21 June 2007

Welcome to the Chi, Motherfucker

This is gonna be a sawed-off shotgun point of view, but dammit i need these thoughts reified for posterity:

1. When i was running last week through humboldt park, i watched as emt's tried to resuscitate a dead body in the park. talk about urban running. and i thought dodging cta buses was bad enough.

2. Erika and i gonna train to run for the PAWS race for life at the end of september. it's only 8k, but the thought of being in a race is so absurd that it makes me laugh. i do feel so much better though when i run every week. and i live across from park that was made for running--some would say fleeing.

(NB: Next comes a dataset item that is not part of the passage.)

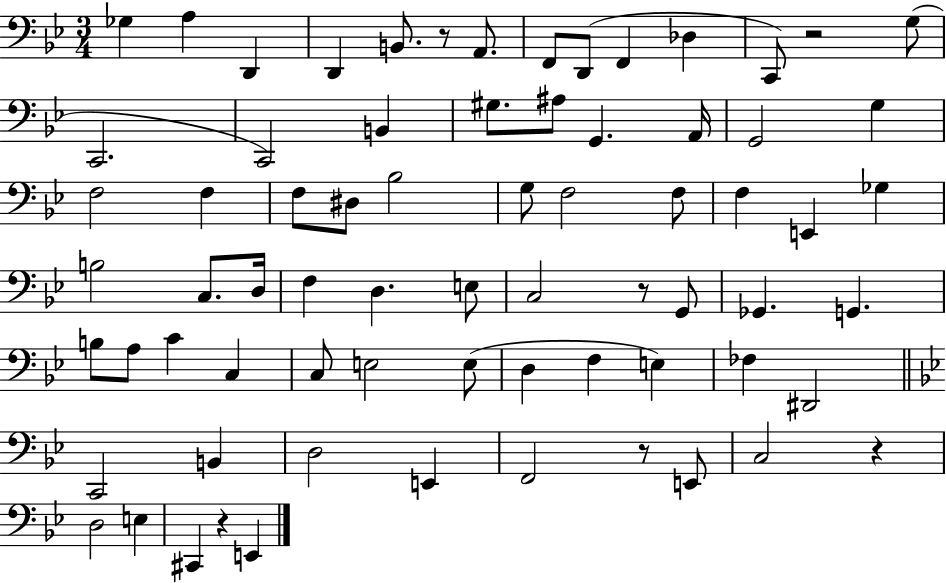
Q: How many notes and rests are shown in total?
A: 71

3. I think i've become totally hooked on CSI. i blame it on erika and her forensic mind. and i'm not talking about dramatic interp either.

4. I broke down last week and bought some clinique toner, officially making me the biggest fucking metrosexster west of the mississippi. and i almos feel bad about it. except that i don't.

5. Bought some purtty pants from the salvation army yesterday that fit me beautifully. with 2 bucks, i've got a new ass.

6. Erika and i have been driving through the loop alot. along the way, i was happy to see my fave library again:

And i luv the chiscape:


Of course, i couldn't have done this without my beautiful sidekick:

7. So i wasn't exaggerating when i said that my neighborhood turned into puerto rico parade. this is what the otherwise calm street in front of my apartment looked like:



8. Last saturday, my brother and i participated in bloom's day at the red lion pub in the lp. now, lincoln park isn't one of my fave neighborhoods, but i told jeff--the director-- that i'd read for his celebration so of course i went after gawking at puertorriqueña hoochies from the cta bus window (along with all of the other passengers). but here's where it got strange:
right as jeff was introducing the prefatory chapter of ulysses, the one i was supposed to read, i was about to stand up and walk over to the mic when this overweight dude with a PONYTAIL started reading. so i had to tell jeff, so um, jeff, you told me i was going to be reading the first chapter of ulysses, well, THAT DUDE just read it and i didn't bring the other chapter you gave me cuz you told me i WASN'T GOING TO READ THAT. so jeff gives me the other chapter later on that i haven't read through even once, and then i have to give the penulimate reading from a chapter of ulysses i'm not prepared for at all, a chapter that begins, "prepatory to anything else Mr Bloom brushed off the greater bulk of the shavings and handed Stephen the hat. . ." as i told tom miller in a recent email, this was a seminal moment in my life: any man who can stand up in front of 50 people and basically read a chapter from james joyce's ulysses COLD without sounding like a complete and absolute imbecile, is, in my opinion, a fucking mensch. i feel like i should get a gold plaque or something.

9. Today, after going for a nice long run together, erika and i nibbled on the fruit salad i made yesterday, then we ate guacamole, and nuts, and she tried to poison me with one of her lady fingers, which is the most ghetto cookie ever invented. eventually we made it to nochi where we spent some time in andersonville, one of my fave barrios in the chi. we went to kopi cafe:



And after watching erika talk to her family on her cell--one of my fave pastimes:

I started taking gratuitous snapshots of her because i could:

This is her, finally protesting after my 70th picture--okay, i'm totally exaggerating:

I know it looks like she's clawing herself, but really, i was flashing her to death.

10. Today LB and i had our first argument/disagreement about:

Talking about ex's
Sex and expectations
Wanting a communicative boyfriend v knowing how to be a communicative girlfriend
Empirical solutions to current problems
The semantic differences between the words ass, asshole and dick(head)
And possibly the most embarrassing disagreement, where i got rocked:

Tv in our future possible family: yes or no? i took the hardcore liberal (aka ludic) point of view and i got my nuts slammed in the cardoor. metaphorically speaking.

Ah yes, i love that girl, even if my ego doesn't, especially because my ego doesn't.